**Dataset records**
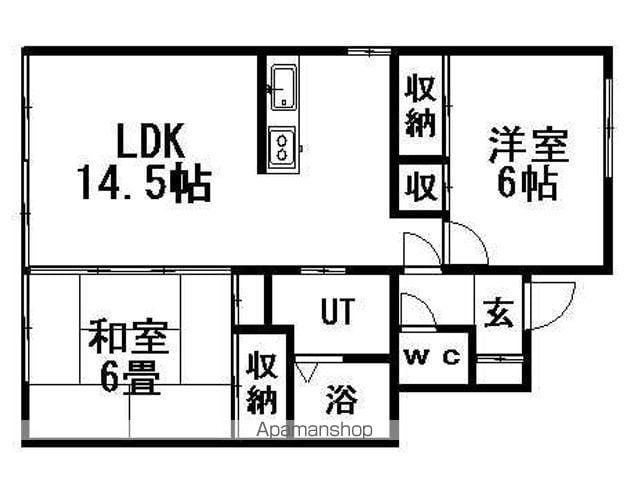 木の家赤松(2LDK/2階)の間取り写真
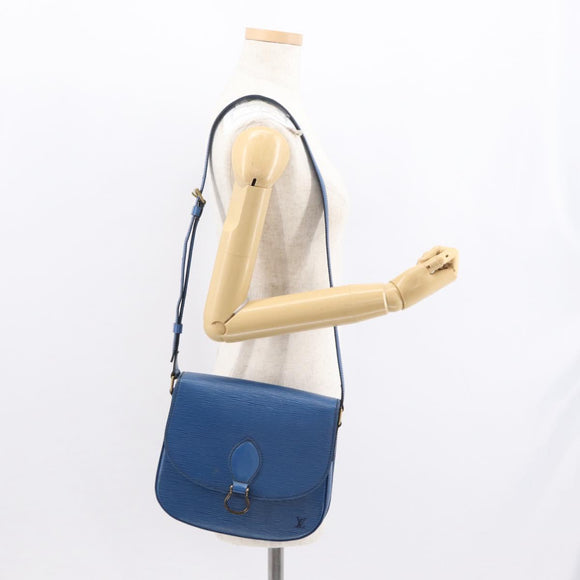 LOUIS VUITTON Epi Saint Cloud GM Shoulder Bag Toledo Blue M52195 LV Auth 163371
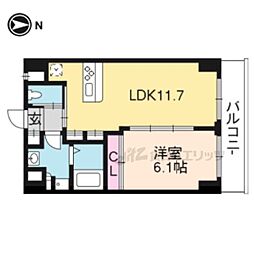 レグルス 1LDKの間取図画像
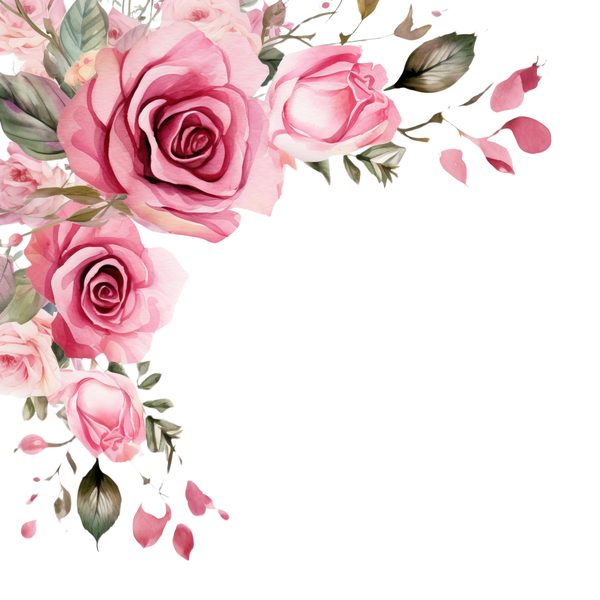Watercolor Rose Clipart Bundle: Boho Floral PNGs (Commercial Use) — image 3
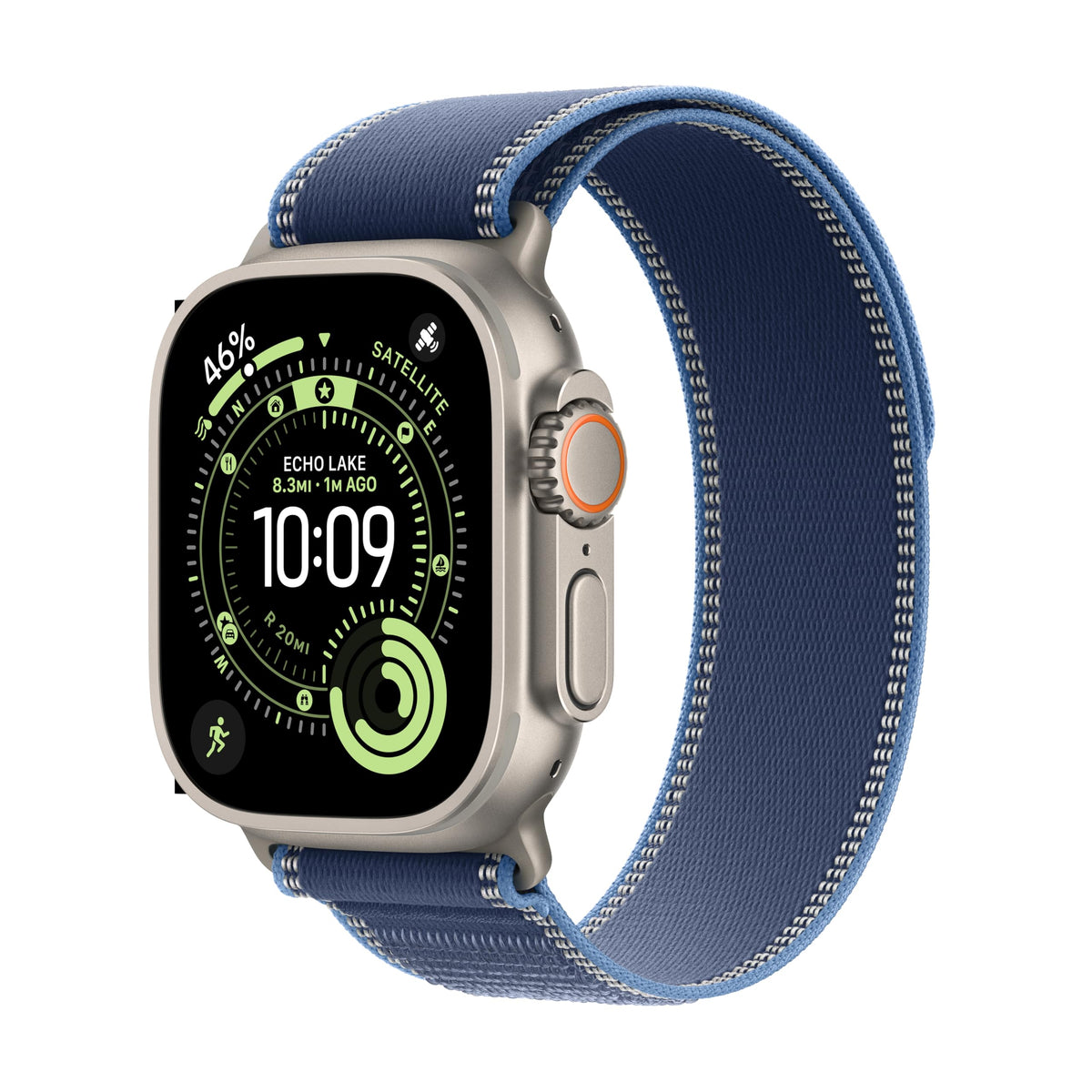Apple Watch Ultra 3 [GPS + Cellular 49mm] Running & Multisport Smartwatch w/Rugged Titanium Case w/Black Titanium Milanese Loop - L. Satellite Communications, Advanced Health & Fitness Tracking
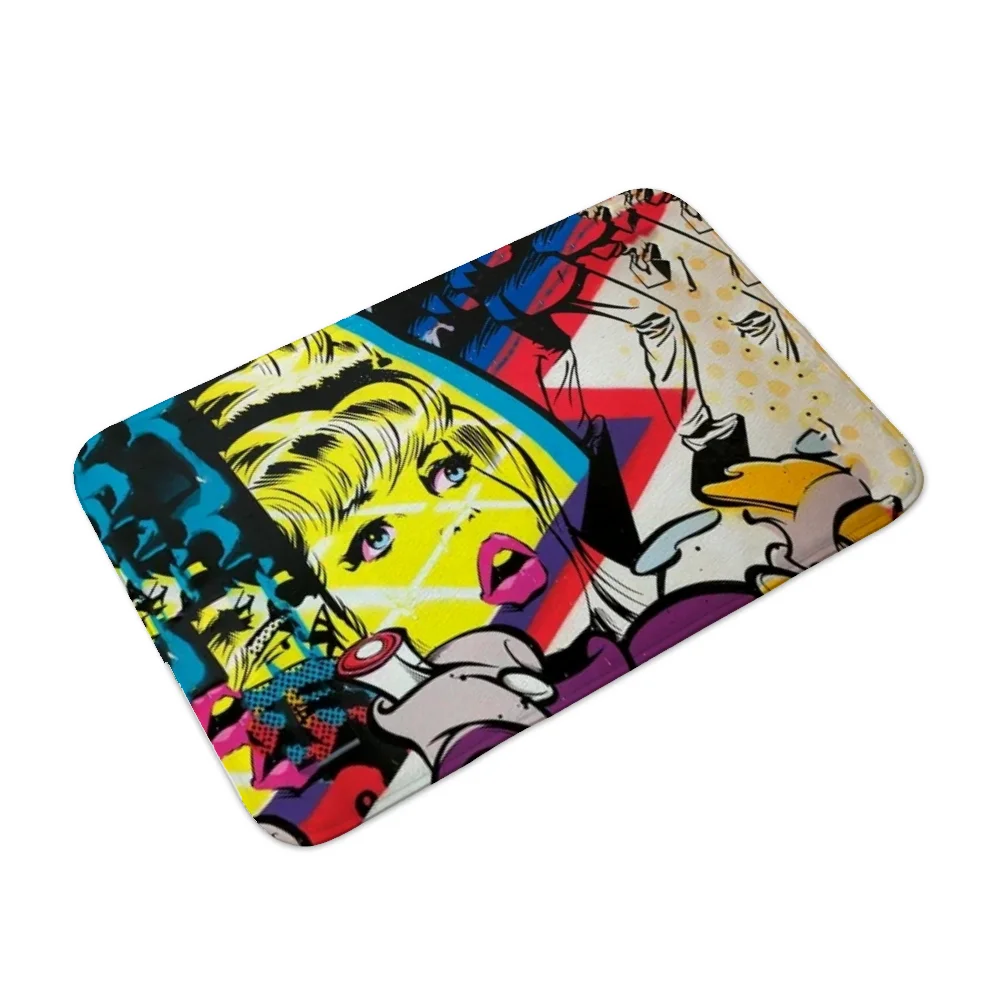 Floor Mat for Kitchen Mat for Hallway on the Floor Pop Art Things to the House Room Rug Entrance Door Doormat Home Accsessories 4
==
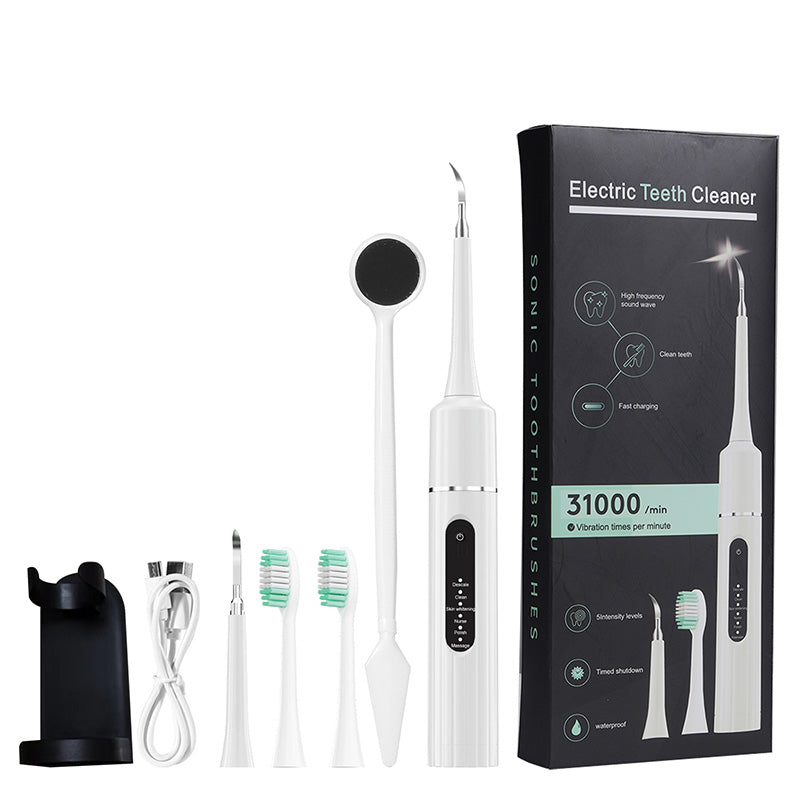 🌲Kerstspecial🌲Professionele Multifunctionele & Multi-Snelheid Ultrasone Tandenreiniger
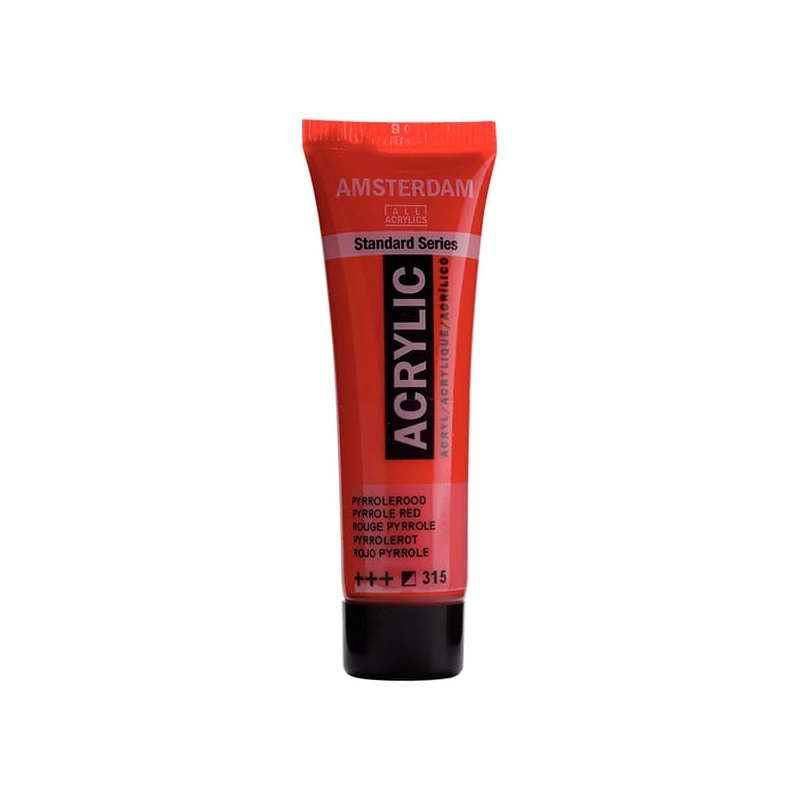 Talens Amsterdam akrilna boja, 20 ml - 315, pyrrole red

**Exercise goal**
Using the data above, which lines fall from the one with "Watercolor Rose Clipart" through the one with "Floor Mat for"? Repeat them exactly, ends included, minus any pictures.

**Answer section**
Watercolor Rose Clipart Bundle: Boho Floral PNGs (Commercial Use) — image 3
Apple Watch Ultra 3 [GPS + Cellular 49mm] Running & Multisport Smartwatch w/Rugged Titanium Case w/Black Titanium Milanese Loop - L. Satellite Communications, Advanced Health & Fitness Tracking
 Floor Mat for Kitchen Mat for Hallway on the Floor Pop Art Things to the House Room Rug Entrance Door Doormat Home Accsessories 4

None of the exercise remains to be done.